Ketiga, Landasan filosofis: hukum (undang-undang) mempunyai kekuatan berlaku filosofis apabila kaedah hukum tersebut sesuai dengan cita-cita hukum (Rechtsidee) sebagai nilai positif yang tertinggi (nilai-nilai Pancasila). Dalam konteks RUU tentang Permusikan menurut penulis bahwa RUU tentang Permusikan yang membatasi kreatifvitas pelaku industri musik sebagaimana disebutkan sebelumnya bahwa Pasal 5 RUU tentang Permusikan bertentangan dengan Pasal 28 Kemerdekaan berserikat dan berkumpul, mengeluarkan pikiran dengan lisan dan tulisan. Dengan demikian dapat dikatakan RUU Permusikan tidak mencerminkan nilai-nilai yang terkandung pada Pancasila khususnya nilai keadilan sosial.
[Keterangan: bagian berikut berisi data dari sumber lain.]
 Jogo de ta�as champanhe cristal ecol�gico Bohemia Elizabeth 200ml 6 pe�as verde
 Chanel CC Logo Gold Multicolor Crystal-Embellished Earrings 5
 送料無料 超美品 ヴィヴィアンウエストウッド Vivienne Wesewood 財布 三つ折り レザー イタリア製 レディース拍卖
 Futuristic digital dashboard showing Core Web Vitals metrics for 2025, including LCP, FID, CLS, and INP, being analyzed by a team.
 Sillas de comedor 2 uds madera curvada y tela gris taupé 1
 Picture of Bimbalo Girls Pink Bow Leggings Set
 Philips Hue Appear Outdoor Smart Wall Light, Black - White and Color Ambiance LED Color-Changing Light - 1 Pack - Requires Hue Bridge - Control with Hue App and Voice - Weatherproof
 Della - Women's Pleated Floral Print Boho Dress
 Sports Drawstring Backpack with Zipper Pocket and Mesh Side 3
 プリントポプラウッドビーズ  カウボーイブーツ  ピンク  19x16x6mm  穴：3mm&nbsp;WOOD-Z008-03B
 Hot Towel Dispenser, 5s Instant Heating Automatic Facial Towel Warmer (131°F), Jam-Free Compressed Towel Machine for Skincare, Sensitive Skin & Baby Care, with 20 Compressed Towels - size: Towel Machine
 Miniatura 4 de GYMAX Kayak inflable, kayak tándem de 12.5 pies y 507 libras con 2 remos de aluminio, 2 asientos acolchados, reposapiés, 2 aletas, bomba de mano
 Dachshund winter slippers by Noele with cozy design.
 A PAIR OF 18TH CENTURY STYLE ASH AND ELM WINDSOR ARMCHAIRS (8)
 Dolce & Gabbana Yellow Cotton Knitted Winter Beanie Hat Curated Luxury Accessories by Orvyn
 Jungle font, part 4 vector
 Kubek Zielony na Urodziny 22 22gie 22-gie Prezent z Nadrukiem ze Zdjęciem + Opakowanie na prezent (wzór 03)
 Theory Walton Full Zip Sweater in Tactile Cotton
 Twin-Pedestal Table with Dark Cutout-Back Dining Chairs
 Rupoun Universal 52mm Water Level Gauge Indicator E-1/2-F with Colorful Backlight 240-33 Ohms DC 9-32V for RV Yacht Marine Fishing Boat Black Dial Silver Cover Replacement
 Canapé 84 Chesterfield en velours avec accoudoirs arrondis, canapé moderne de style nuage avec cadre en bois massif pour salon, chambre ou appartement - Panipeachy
Wujud keadilan sosial yang dimaksud mencakup seluruh aspek kehidupan, tidak hanya ekonomi, namun juga politik dan kebudayaan.
Berdasarkan uraian di atas, dapat disepakati bahwa hukum (undang-undang) dapat berfungsi di antaranya dengan berlandaskan yuridis, sosiologis, dan filosofis secara simultan.
(Mahasiswa Program Magister Ilmu Hukum Universitas Islam Indonesia asal Samarinda)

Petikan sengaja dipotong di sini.